Most churn happens in month 1 — optimize onboarding habits before touching anything else

Early retention is the highest-leverage intervention in a subscription business. You do not need 18 months of LTV data to act: the signals show up within weeks. Are users binging then disappearing? Are they using features steadily? Are they even logging in? Segment these cohorts and optimize onboarding to move users toward steady-use patterns from day one.

Retention
What I would suggest, for example, that a New Yorker does is to educate consumers that you only have to read one or two articles to get the full value of your subscription — it's 'all you care to consume,' not 'consume all of it or you're lazy.'

Subscription guilt is a hidden churn driver — tell users partial use is still full value

Subscription overwhelm — the feeling of not extracting enough value — drives quiet cancellations even from users who love the product. The fix is active expectation reframing: communicate explicitly that occasional use is legitimate. A produce box company reduced churn by telling users it was okay to throw out a little produce and that they were still saving money vs. the store.

Audience
You look at the group of customers who stay the longest and spend the most — develop hypotheses about what this group shares — and then you tell your marketing team to go get lookalikes.

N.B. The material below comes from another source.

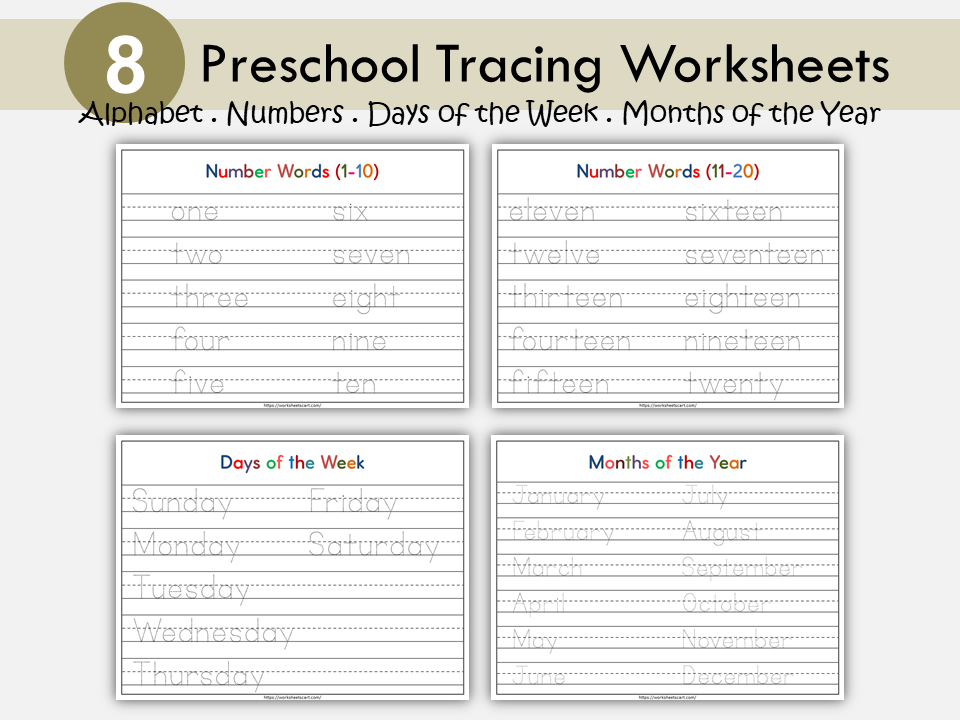 Tracing Worksheets Printable, Tracing Worksheets for Kids, Alphabet, Numbers, Days of the Week, Months of the Year, Homework, Homeschool, WWF463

Segment by post-signup behavior to find your highest-LTV customers — then market only to lookalikes

Start by listing your best and worst customers and identifying what separates them: acquisition source, signup cohort, onboarding path, usage frequency in week one. Once you have a hypothesis, build marketing to attract only the high-value archetype even if it means a smaller TAM. Disciplined focus on the right customer is a competitive advantage.

Mindset
If you bring in the wrong people who are going to binge on your content or push you to create features that nobody needs except them, it's just going to throw your whole business off in the wrong direction.

Have the discipline to say no to wrong-fit customers — they distort roadmap and inflate CAC

Early-stage founders take every customer they can get. But accepting wrong-fit users pulls the product roadmap off-course, inflates support costs, and tanks cohort retention data. Netflix explicitly declined to add video game rentals even when customers asked because they understood it would dilute their core focus. Saying no to prospects with money is one of the hardest early-stage disciplines.

Pricing
If I use it I'll pay anywhere between five and ten dollars a month, and if I don't use it I will pay nothing. So if you're talking about product market fit in a forever relationship, I'm going to pay money until I die.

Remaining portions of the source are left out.